For almost five years, Mr Schröder's centre-left government has tiptoed around the reform of Germany's welfare system and its labour market, concerned that any real changes would be deeply unpopular with an electorate accustomed to lifelong security and prosperity. But, said the chancellor yesterday, the time had come for an end to denial. "People who think everything can stay as it is are deluding themselves. We need change just to keep the wealth we have," [we = mincing upper class] the chancellor said. He added: "We must have the courage to declare the truth." Mr Schröder himself led the way, reversing endless government claims that Germany's high unemployment rate - now at almost 11% - was simply the result of cyclical developments in the national and international economies. "It has to be said clearly that the number of jobless has not risen to almost 4.5 million because of circumstantial weaknesses, but because of structural problems," Mr Schröder admitted.
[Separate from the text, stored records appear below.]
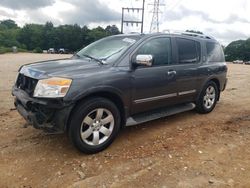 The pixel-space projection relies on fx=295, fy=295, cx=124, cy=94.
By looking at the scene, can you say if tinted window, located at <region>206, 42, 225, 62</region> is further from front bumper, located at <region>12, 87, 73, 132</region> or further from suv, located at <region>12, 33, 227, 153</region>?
front bumper, located at <region>12, 87, 73, 132</region>

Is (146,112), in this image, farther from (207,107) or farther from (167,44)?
(207,107)

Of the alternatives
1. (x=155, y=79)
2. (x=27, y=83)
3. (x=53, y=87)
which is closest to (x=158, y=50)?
(x=155, y=79)

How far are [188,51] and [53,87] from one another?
3.13 metres

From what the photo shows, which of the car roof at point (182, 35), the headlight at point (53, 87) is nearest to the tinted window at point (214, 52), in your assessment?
the car roof at point (182, 35)

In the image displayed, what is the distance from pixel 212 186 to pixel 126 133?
6.69 ft

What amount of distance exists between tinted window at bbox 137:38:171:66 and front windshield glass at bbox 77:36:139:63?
23 centimetres

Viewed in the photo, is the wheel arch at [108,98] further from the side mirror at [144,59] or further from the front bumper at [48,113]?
the side mirror at [144,59]

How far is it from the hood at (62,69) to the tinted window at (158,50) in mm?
952

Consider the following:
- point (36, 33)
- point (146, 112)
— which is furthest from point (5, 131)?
point (36, 33)

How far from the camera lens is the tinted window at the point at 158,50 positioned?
16.8ft

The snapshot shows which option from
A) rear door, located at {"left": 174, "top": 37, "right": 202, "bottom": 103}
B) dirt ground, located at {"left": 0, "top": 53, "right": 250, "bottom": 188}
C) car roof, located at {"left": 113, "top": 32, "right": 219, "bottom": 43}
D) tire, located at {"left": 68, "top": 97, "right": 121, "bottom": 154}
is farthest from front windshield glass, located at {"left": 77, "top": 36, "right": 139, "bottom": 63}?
dirt ground, located at {"left": 0, "top": 53, "right": 250, "bottom": 188}

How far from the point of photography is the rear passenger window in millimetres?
5773

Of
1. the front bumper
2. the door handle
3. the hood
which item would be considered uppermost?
the hood

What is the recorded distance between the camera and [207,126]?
18.9 ft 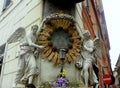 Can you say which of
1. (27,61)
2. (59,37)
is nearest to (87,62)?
(59,37)

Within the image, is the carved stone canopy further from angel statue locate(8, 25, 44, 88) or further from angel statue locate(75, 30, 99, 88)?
angel statue locate(8, 25, 44, 88)

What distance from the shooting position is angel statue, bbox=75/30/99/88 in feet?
22.2

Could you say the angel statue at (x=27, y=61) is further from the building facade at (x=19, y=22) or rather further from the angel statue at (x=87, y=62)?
the angel statue at (x=87, y=62)

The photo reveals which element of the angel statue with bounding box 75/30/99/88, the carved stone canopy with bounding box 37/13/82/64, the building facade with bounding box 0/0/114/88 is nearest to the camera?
the angel statue with bounding box 75/30/99/88

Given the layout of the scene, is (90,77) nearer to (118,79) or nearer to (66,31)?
(66,31)

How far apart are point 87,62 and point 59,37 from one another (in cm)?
98

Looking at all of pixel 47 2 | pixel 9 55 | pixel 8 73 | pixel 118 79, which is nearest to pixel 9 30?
pixel 9 55

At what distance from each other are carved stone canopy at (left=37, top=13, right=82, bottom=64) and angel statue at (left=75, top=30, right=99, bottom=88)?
15cm

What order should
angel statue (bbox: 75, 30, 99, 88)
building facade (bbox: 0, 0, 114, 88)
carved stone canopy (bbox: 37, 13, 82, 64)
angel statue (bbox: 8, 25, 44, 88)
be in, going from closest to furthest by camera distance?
angel statue (bbox: 8, 25, 44, 88) < angel statue (bbox: 75, 30, 99, 88) < carved stone canopy (bbox: 37, 13, 82, 64) < building facade (bbox: 0, 0, 114, 88)

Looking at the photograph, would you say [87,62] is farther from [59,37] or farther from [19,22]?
[19,22]

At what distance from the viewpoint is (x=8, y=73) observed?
8258 mm

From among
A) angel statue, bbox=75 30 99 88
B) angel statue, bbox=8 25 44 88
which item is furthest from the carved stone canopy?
angel statue, bbox=8 25 44 88

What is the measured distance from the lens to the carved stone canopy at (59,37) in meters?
6.97

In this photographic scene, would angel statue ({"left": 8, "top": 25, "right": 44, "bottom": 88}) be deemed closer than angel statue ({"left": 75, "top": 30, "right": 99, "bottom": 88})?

He went on to tell delegates that 62% of the federal budget was now going on welfare provision and the servicing of the debt it was largely responsible for generating. "This situation cannot continue unchanged," he added. The chancellor's so-called agenda 2010 aims to cut unemployment and boost growth while at the same time containing Germany's burgeoning public deficit. It would include a big cut in health spending, a modest reduction in unemployment benefits for the long-term jobless and changes to the labour laws to make it easier for employers to hire and fire. As a sop to the neo-Keynesian left, it also includes extra funding for local authorities. Mr Schröder's decision to steer his party back to the right, after a period in which he had been stressing the need for "social justice" rather than economic reform, owed much to the outcome of a state election last February. This handed control of the upper house of parliament to the Christian and Free Democrats and made his government beholden to the centre-right for the passage of much of its legislative programme.

The announcement of agenda 2010 provoked dismay among the party faithful and a mutiny in the ranks that forced the leadership into calling yesterday's special conference. But the chancellor made it clear he would resign if his followers refused to back his plan [he's done that a couple of times], and that would have pitched the SPD into a general election at a time when it is mustering just 27% in the polls. Yesterday's vote owed more to an instinct for self-preservation than to any sudden conversion among Germany's Social Democrats to the cause of neo-liberalism. Mr Schröder's rousing, hour-long address was given a polite reception, but the applause lasted for less than is normal on such occasions and only a handful of delegates got to their feet to clap.

The party left had hoped it could secure a motion contradicting the thrust of agenda 2010. It pinned its hopes on a call for a wealth tax, but the conference organisers ensured that it was watered down to the point of virtual meaninglessness.